Once you find the line with "Black flared workout pant" in the listing below, set down exactly every line from it through the line with "Women's Orange Sweater Cardigan", but no pictures.

━━━━━ MATERIAL SUPPLIED

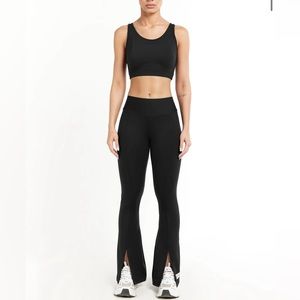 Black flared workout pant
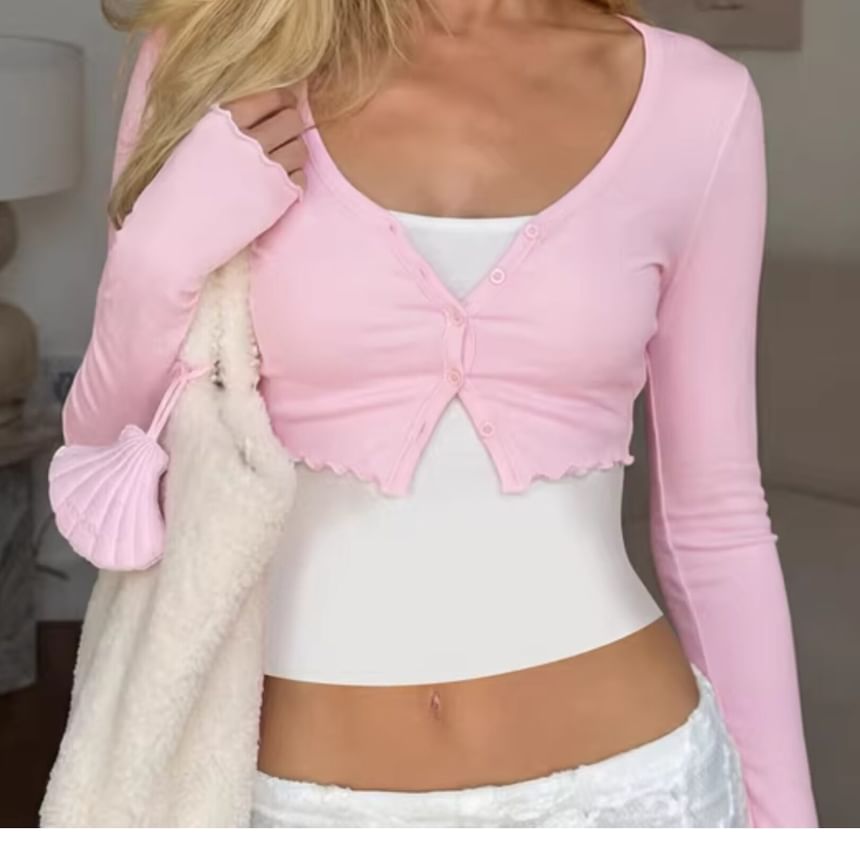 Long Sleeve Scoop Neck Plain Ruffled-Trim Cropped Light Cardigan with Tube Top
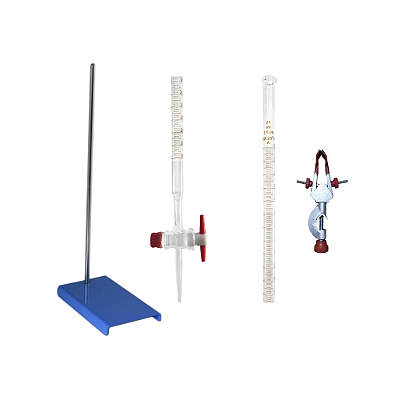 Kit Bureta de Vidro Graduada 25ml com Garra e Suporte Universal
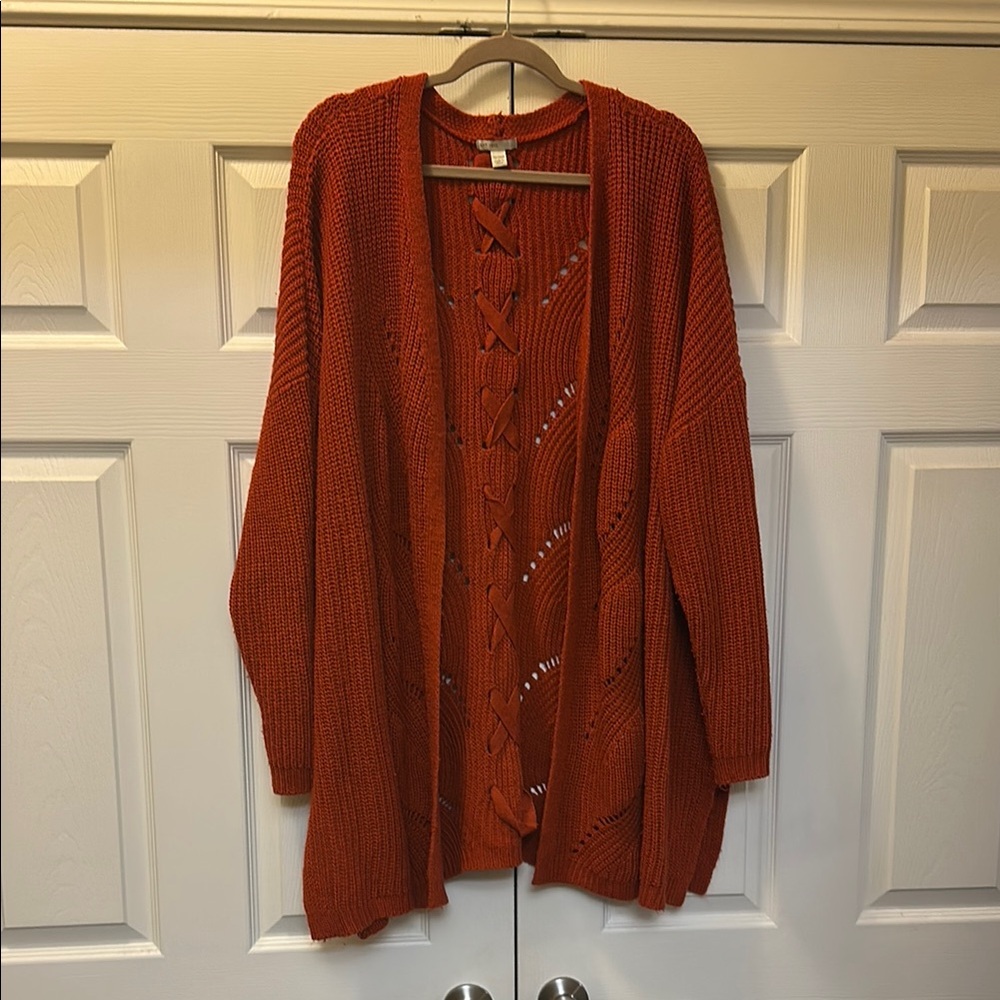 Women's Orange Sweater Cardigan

━━━━━━━━━━
━━━━━ MATERIAL SUPPLIED

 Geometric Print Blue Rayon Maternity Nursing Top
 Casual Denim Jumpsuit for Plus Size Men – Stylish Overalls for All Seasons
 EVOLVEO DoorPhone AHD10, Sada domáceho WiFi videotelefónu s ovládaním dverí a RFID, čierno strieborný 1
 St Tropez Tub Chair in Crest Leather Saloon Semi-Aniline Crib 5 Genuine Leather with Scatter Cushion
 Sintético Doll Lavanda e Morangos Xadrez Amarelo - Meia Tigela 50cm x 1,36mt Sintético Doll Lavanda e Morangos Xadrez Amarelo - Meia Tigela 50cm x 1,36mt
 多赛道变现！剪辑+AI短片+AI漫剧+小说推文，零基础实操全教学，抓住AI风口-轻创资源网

━━━━━━━━━━

### THE ANSWER
 Black flared workout pant
 Long Sleeve Scoop Neck Plain Ruffled-Trim Cropped Light Cardigan with Tube Top
 Kit Bureta de Vidro Graduada 25ml com Garra e Suporte Universal
 Women's Orange Sweater Cardigan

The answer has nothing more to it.